**Exercise objective**
Print every line of the listing below, starting with the line that holds "-成都星期8小镇(江宁南路店)" and going on through the line that holds "El director del", both included, and print nothing else.

======== Exercise data

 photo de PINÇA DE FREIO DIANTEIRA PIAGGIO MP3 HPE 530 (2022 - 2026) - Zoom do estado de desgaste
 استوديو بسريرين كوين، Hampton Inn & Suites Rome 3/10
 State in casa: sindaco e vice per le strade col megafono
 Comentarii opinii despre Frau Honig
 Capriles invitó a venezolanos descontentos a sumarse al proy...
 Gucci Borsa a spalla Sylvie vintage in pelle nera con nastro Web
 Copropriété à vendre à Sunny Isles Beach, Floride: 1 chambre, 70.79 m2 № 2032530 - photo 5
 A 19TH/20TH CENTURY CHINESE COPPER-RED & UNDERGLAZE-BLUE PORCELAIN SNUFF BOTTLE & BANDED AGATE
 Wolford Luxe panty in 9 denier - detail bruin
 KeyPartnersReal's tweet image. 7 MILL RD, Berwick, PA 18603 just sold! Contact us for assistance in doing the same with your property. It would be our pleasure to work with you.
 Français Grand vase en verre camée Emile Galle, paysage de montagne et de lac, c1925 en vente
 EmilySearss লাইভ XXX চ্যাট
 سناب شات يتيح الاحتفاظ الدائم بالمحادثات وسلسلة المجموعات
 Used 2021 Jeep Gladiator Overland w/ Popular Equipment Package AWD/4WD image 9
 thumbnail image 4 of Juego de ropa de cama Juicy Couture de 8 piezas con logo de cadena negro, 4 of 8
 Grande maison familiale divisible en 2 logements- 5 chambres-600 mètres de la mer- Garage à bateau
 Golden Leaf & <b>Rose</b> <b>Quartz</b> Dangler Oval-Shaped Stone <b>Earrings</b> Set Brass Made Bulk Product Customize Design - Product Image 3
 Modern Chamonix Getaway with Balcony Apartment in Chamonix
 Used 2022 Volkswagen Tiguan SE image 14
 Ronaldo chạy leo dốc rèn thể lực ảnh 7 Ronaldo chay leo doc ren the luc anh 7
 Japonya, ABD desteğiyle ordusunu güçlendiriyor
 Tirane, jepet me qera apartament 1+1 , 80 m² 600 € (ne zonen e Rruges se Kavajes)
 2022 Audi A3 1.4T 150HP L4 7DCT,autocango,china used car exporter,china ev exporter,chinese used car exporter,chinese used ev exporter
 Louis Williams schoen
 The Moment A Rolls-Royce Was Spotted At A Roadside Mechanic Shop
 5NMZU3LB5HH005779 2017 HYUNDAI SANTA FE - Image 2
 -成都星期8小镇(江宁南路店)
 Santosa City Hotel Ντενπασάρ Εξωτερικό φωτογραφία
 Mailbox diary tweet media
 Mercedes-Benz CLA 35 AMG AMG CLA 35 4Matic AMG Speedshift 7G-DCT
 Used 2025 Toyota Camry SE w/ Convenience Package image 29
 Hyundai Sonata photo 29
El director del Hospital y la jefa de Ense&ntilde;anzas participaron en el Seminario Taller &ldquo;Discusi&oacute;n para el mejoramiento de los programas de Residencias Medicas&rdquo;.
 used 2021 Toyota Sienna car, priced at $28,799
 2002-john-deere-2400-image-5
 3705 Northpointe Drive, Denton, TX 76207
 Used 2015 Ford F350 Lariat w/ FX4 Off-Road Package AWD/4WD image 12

================

**Written response**
 -成都星期8小镇(江宁南路店)
 Santosa City Hotel Ντενπασάρ Εξωτερικό φωτογραφία
 Mailbox diary tweet media
 Mercedes-Benz CLA 35 AMG AMG CLA 35 4Matic AMG Speedshift 7G-DCT
 Used 2025 Toyota Camry SE w/ Convenience Package image 29
 Hyundai Sonata photo 29
El director del Hospital y la jefa de Ense&ntilde;anzas participaron en el Seminario Taller &ldquo;Discusi&oacute;n para el mejoramiento de los programas de Residencias Medicas&rdquo;.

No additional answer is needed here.